---------- Records to process ----------
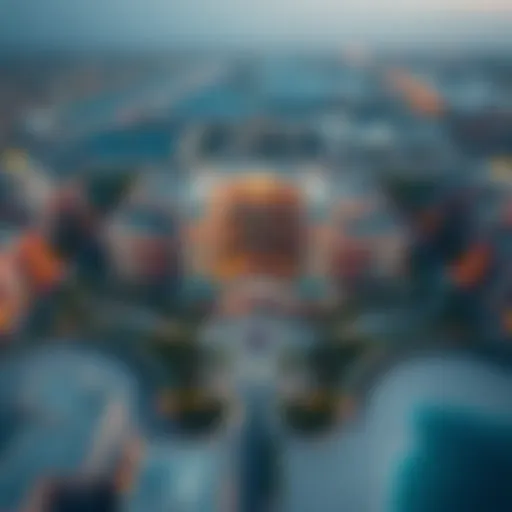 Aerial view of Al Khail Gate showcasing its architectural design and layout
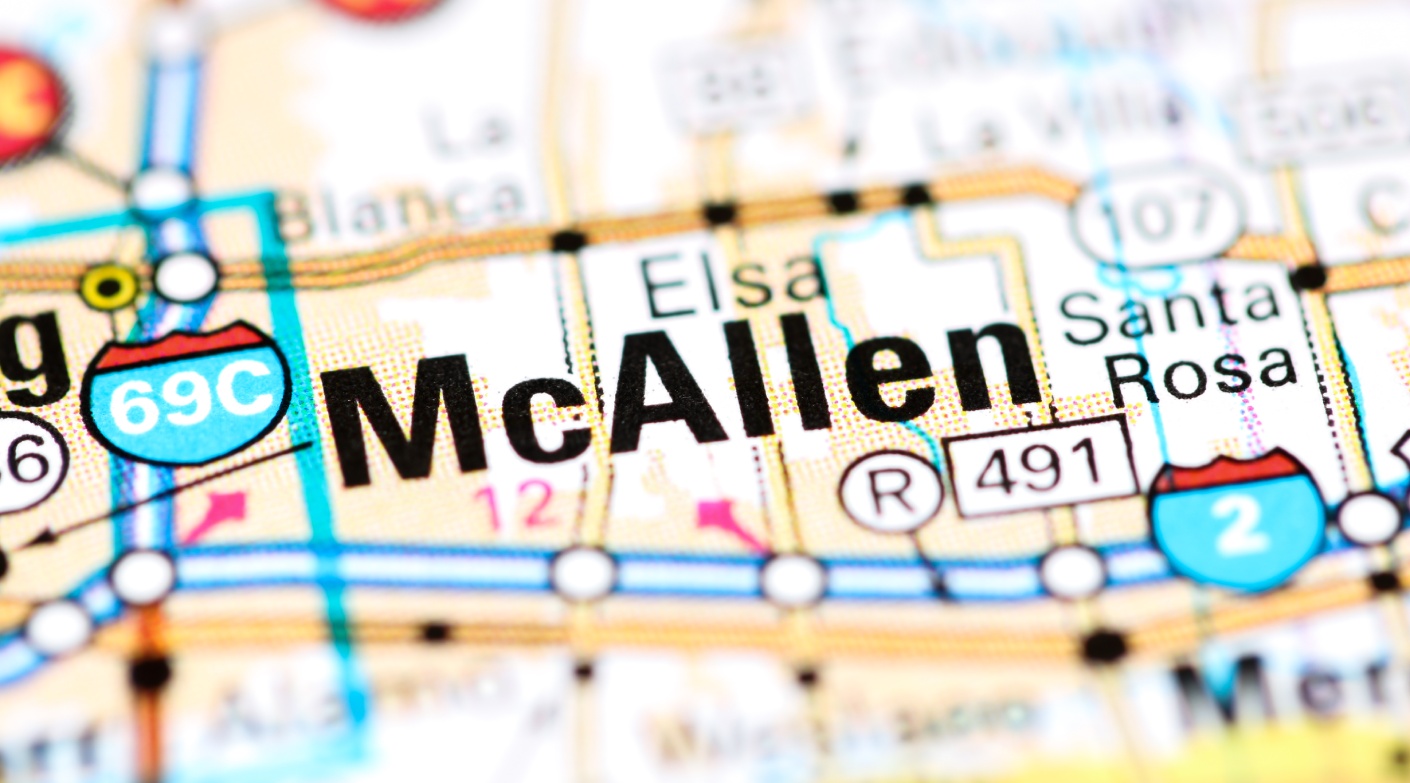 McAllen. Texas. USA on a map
----------
---------- Records to process ----------
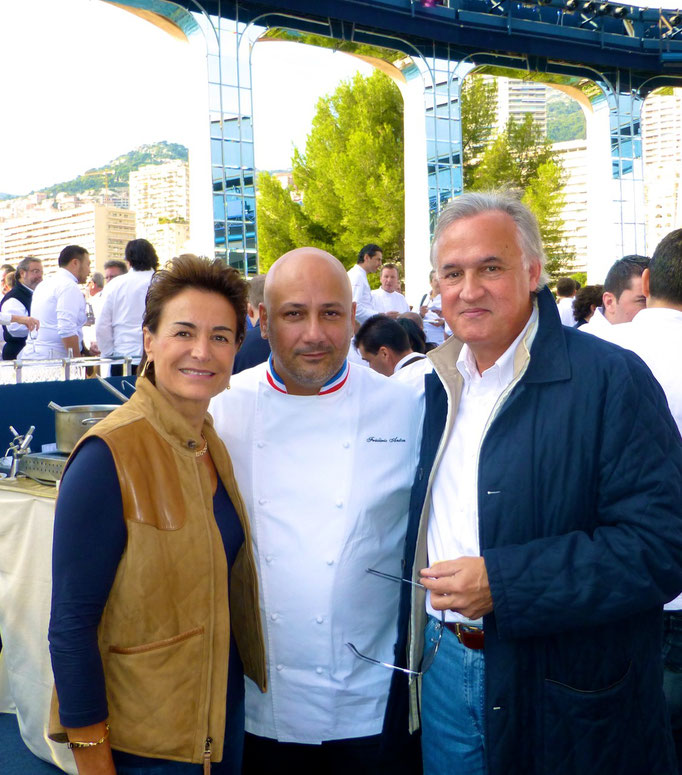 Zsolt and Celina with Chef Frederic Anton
----------
- _Problem description_:
In the listing above, find the line containing "Aerial view of" and the line containing "McAllen. Texas. USA on a map". Print those two lines and every line between them exactly, with no pictures.

- _Result_:
 Aerial view of Al Khail Gate showcasing its architectural design and layout
 McAllen. Texas. USA on a map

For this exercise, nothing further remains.